Member of the Würzburg City Council
- In office 1927–1933

Member of the Lower Franconia District Council
- In office 1919–1933

Personal details
- Born: Selma Rösel 17 February 1883 Görlitz, Province of Silesia, Kingdom of Prussia, German Empire
- Died: 4 May 1937 (aged 54)
- Party: Social Democratic Party
- Spouse: Max Lohse ​(m. 1904)​
- Children: 3

= Selma Lohse =

German politician (1883–1937)

Selma Lohse (17 February 1883 – 4 May 1937) was a German politician who served in the Reichstag of the Weimar Republic from 1931 until 1932. A member of the Social Democratic Party, she represented the Franconia constituency. Lohse was also a member of the Lower Franconia district council and the Würzburg city council, serving as one of four women in the latter body.

== Biography ==
Selma Rösel was born on 17 February 1883 in the town of Görlitz, then part of the Kingdom of Prussia within the German Empire. Unlike other lower-class children at the time, she did not begin working after completing school, instead becoming an apprentice seamstress. In 1904, she married Max Lohse, a prominent social democrat and union leader, quitting her apprenticeship to become a housewife and caretaker to their three children. The family moved to the Bavarian city of Würzburg in 1908 after her husband became the regional manager of the German Stone Workers' Association (Steinarbeiterverband).
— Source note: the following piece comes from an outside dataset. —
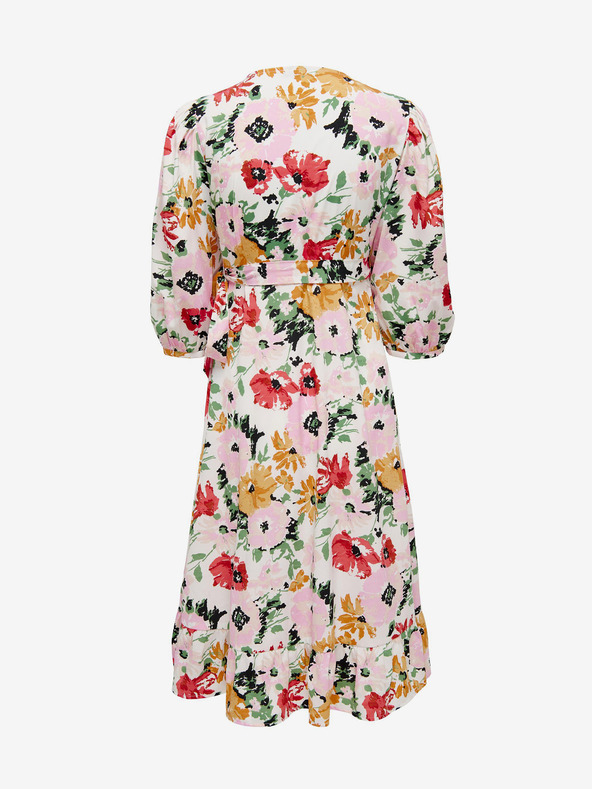 ONLY Kremast ženski ovitek z vzorcem ONLY Olivia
Lohse first became politically involved in 1911 when she joined the Social Democratic Party. During World War I, she worked as a volunteer in "war welfare", and she was elected to the local "council for the poor and orphans" in 1919. Later that year, she was also elected to the Lower Franconia district council (Kreistag). In 1927, she was also elected to the Würzburg city council, becoming one of four women in the body.

In March 1931, Lohse was appointed to the Reichstag of the Weimar Republic to complete the term of Hermann Müller following his death, representing the Franconia constituency. She left the Reichstag at the end of her term in July 1932. Following the Nazi Party's seizure of power in 1933, women were banned from holding public office, as politics was "considered unsuitable for women". As a result, Lohse was removed from her positions in the district and city councils.

Lohse died on 4 May 1937. A silent demonstration was held at her funeral.